(Supplied data)
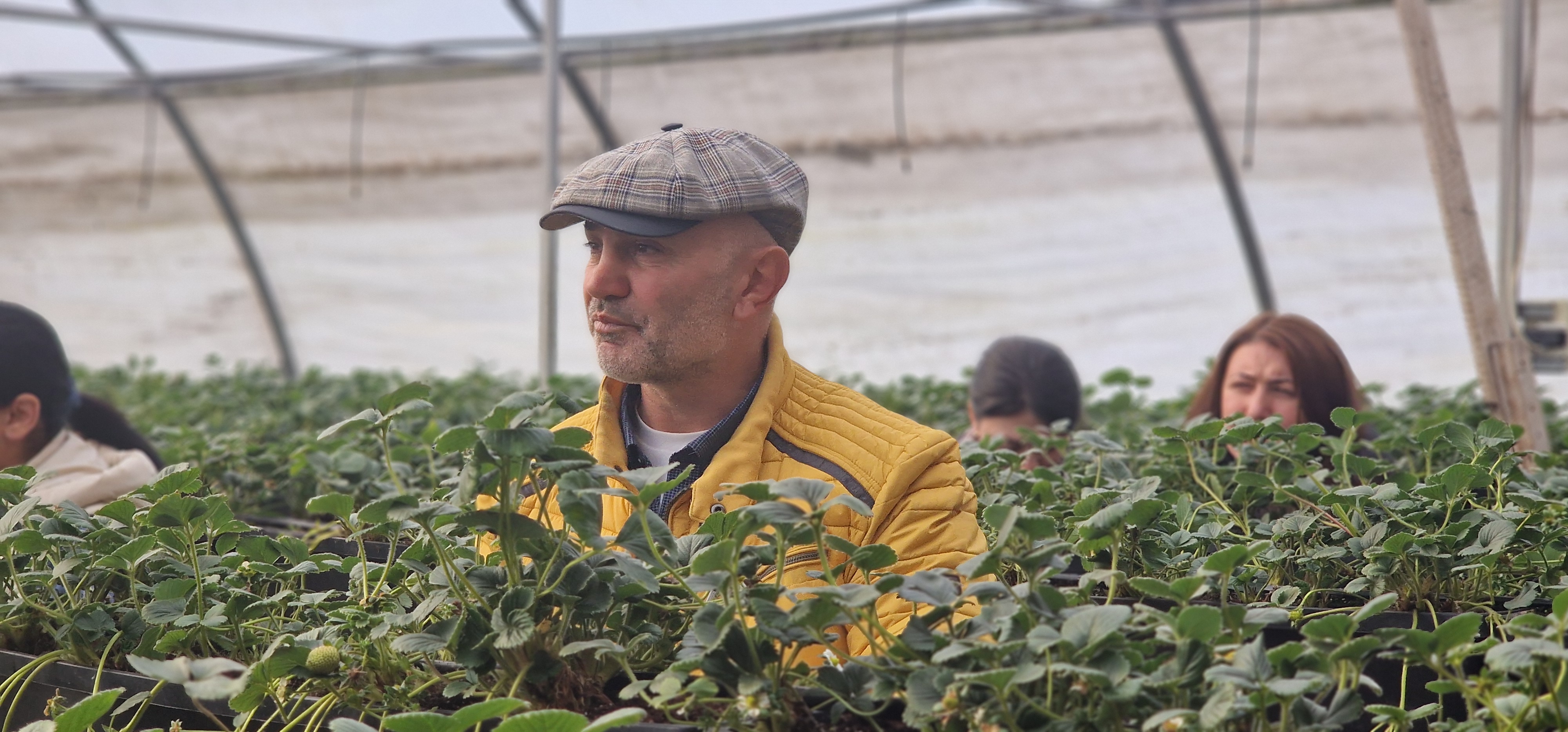 Կանաչ / օրգանական ելակի արտադրություն - նկարներ 8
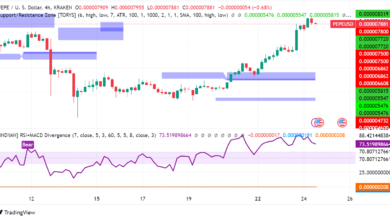 Pepe Token Gains 17% on Whale Activity and Exchange Listing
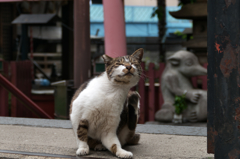 秋葉原の癒し系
(End Supplied data)
▶ _Work task_: All the material above should be written out exactly, with images omitted.

▶ _Answer area_:
 Կանաչ / օրգանական ելակի արտադրություն - նկարներ 8
 Pepe Token Gains 17% on Whale Activity and Exchange Listing
 秋葉原の癒し系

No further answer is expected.